Why a spike in global steel prices is good for the Indian Steel Industry!



The global steel market has been experiencing a steady rise in prices since June 2017. With various reasons attributed to this price rise, the presiding one is the gradual cutback in production by China’s steel sector. As one of the largest producers and consumers of steel in the world, the Chinese steel industry’s course is a catalyst for price movements in the global steel industry.

Reports from the ICRA, an independent credit rating organization, have found that Indian steel prices have increased 10% since June 2017. The factor that has most heavily influenced this rise in steel prices is the Chinese government’s move to tackle surplus domestic production. Sitting on a surplus capacity of 300 MT, the government has closed down units capable of producing 42 MT between  January-May 2017, in addition to the 65 MT facilities they shut down last year. The mixture of sustained demand and restricted supply is what is contributing to the momentum in steel prices.

Taking a cue from international trends, Steel prices in India have risen by 10% despite a modest 4.4% growth in domestic demand.

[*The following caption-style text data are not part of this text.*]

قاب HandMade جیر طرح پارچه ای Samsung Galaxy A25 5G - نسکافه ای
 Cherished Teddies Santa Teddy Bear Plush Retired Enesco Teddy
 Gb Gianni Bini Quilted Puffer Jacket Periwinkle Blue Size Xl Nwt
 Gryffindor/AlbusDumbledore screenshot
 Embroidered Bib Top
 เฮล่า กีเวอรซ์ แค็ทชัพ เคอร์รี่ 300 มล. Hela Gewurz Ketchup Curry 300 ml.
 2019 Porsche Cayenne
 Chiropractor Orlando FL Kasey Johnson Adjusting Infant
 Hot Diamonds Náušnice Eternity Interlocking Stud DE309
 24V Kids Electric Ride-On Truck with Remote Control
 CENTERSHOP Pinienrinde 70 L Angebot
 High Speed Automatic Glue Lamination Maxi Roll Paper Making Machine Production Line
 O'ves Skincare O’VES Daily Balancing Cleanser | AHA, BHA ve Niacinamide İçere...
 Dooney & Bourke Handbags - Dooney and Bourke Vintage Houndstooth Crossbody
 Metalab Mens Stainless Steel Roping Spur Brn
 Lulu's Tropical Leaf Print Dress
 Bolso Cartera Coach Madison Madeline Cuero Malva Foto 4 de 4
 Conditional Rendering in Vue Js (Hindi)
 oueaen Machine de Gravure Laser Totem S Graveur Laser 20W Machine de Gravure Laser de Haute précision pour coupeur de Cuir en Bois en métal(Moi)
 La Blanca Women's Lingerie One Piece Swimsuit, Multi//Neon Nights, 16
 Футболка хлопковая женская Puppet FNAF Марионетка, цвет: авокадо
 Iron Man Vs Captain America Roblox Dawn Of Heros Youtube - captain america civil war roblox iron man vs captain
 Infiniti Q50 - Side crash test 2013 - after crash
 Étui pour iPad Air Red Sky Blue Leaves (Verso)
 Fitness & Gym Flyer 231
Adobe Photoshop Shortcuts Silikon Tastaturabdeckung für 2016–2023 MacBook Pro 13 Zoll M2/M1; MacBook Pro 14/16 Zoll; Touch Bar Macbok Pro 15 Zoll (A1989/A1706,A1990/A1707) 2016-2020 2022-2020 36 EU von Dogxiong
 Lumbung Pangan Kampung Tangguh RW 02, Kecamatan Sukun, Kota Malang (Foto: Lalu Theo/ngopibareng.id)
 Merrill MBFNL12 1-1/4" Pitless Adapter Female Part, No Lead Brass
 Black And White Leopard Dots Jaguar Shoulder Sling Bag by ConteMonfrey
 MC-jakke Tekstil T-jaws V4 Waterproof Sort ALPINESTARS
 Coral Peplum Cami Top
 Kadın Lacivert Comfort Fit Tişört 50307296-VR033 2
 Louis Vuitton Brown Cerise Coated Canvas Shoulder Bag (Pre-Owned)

A 66% rise in exports from domestic steel mills is a further indicator of the resurgence of India’s Steel industry after a rather modest 2016. Steel mills in India have been able to register a 7% growth in production according to the ICRA report. All these signs point to a comfortable road ahead for the foreseeable future. 

As a member of India’s Steel industry, Agni Steels is optimistic and excited to get to work on the fresh opportunities and challenges that the rising demand will bring.